Personnifiant le Gouvernement dans son intégralité, le Premier ministre est en contact permanent avec les Français à l'occasion de voyages, inaugurations et audiences accordées à tel ou tel mouvement, à tel ou tel groupe d'intérêt. Si certains ministres arrivent à se différencier, car disposant d'une surface médiatique autonome (Jack Lang, sous François Mitterrand ; Nicolas Sarkozy, entre 2002 et 2007), l'image positive ou négative du chef du Gouvernement affecte l'ensemble de son équipe. Fonction résolument ingrate, le Premier ministre, en endossant la responsabilité de mesures impopulaires, assure, en période présidentialiste, une fonction de fusible protégeant le Chef de l'État du mécontentement populaire.

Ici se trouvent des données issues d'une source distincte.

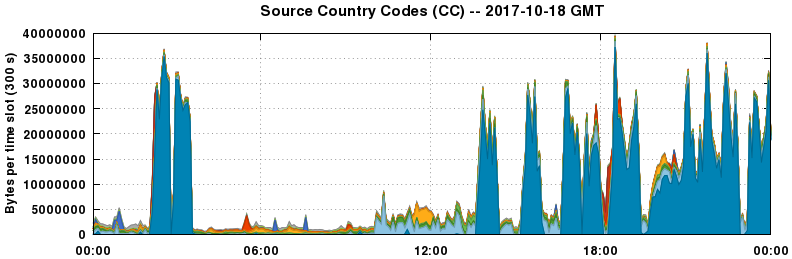 Source Country Codes (CCs)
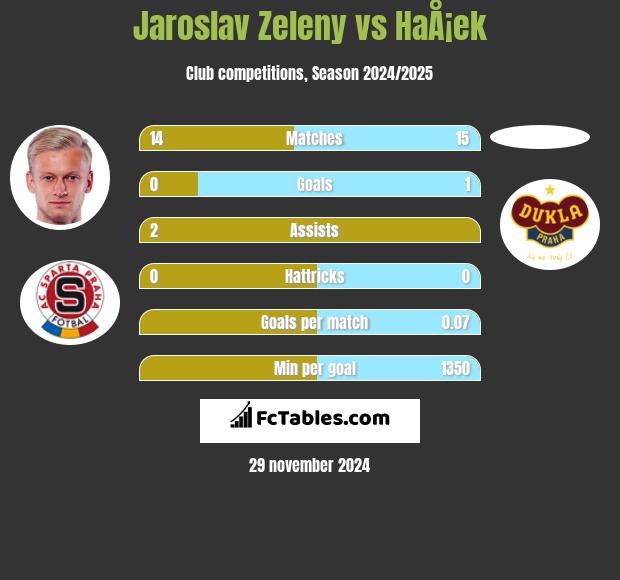 Jaroslav Zeleny vs HaÅ¡ek h2h player stats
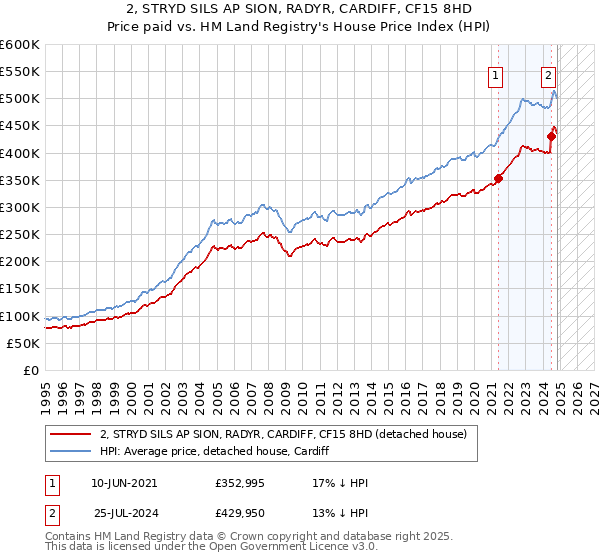 2, STRYD SILS AP SION, RADYR, CARDIFF, CF15 8HD: Price paid vs HM Land Registry's House Price Index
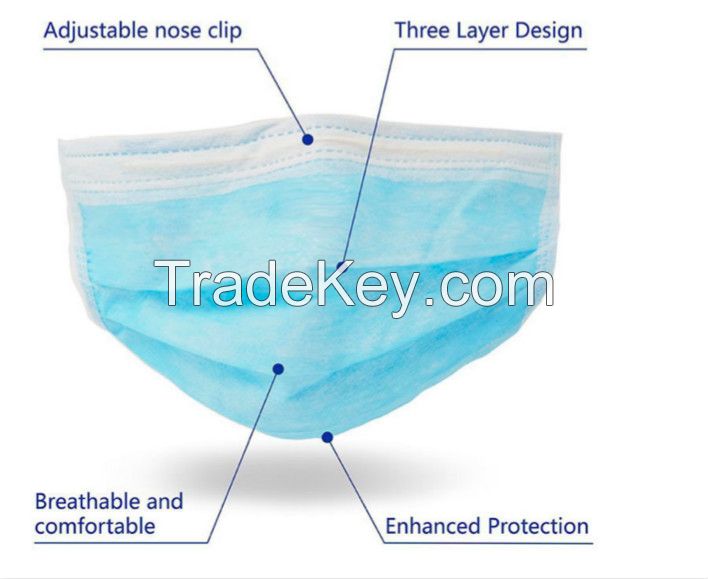 Surgical Medical Face Mask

Tel un jeu de duettistes, ce dernier peut même feindre de découvrir les décisions arrêtées par Matignon voire de les désavouer ouvertement (François Mitterrand, entre 1988 et 1991 ; Jacques Chirac, entre 2002 et 2007). Mais, à force de s'user et de s'émousser, ce Premierministre qui "dure et endure" (C. de Gaulle) finit, un jour, par entraîner le Président de la République dans les turbulences de l'impopularité. Le changement de tête est alors inéluctable (Pierre Mauroy, en 1984 ; Édith Cresson, en 1992 ; Jean-Pierre Raffarin, en 2005). Conséquemment, la situation dans laquelle un Président de la République se retrouve structurellement plus impopulaire que son chef de Gouvernement est inhabituelle. Tel fut pourtant le cas entre 2007 et 2012, signe supplémentaire que la présidence Sarkozy fut extraordinaire au sens littéral du terme et déforme la vision que l'on peut avoir de la place et du rôle d'un Gouvernement sous les institutions de la Ve République.